Mutex is a synchronisation object that controls resource access (critical section execution) by maintaining the knowledge of its current owner (accessor - thread or process). Mutex strictly limits access to a single accessor at a time.
Ownership over the mutex is controlled with following operations:
- acquire() (or lock()) - passes the ownership of the mutex to the calling thread
- release() (or unlock()) - calling thread gives up its ownership of mutex. Only thread that acquired the mutex can release it
Mutex has two states:
- signalled - when no thread owns it; acquire() does not block
- non-signalled - when owned by some thread; acquire() in other thread blocks till mutex gets signalled
When Thread1 acquires ownership of mutex, it has a exclusive right to access the shared resource (to execute the code in the critical section). Once it's finished, it needs to release mutex so another thread can acquire ownership and access the resource. If thread does not release the mutex, other threads cannot acquire it and application is in a deadlock. It is therefore very important to make sure that mutex is released under any condition, no matter of the outcome of the code in the critical section! RAII-compliant design can prevent program's execution to leave critical section's scope without releasing the mutex.

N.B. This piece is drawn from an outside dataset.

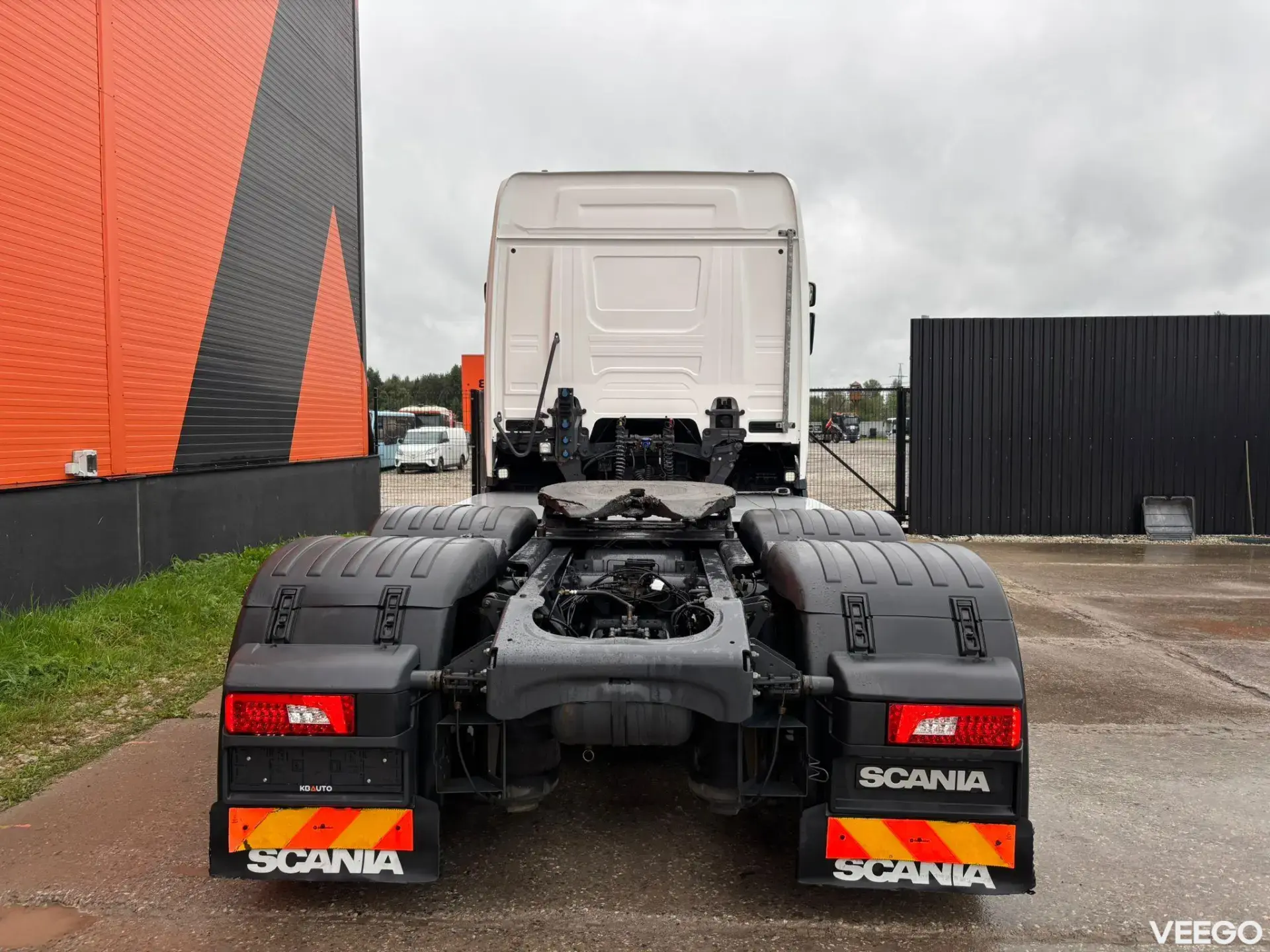 SCANIA R 500 6x2 ADR / RETARDER / HYDRAULICS 368kW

Semaphore behaves like shared mutex with a count controlled by multiple threads that are allowed to access shared resource. Mutex is stricter, only thread that owns it has the power to release it, and only that thread can access shared resource.
The following example shows how to use mutex in order to synchronise processes that write into the shared file (problem described in this article):
Links and References:
Mutex Objects (MSDN)
Using Mutex Objects (MSDN)
Mutual exclusion (Wikipedia)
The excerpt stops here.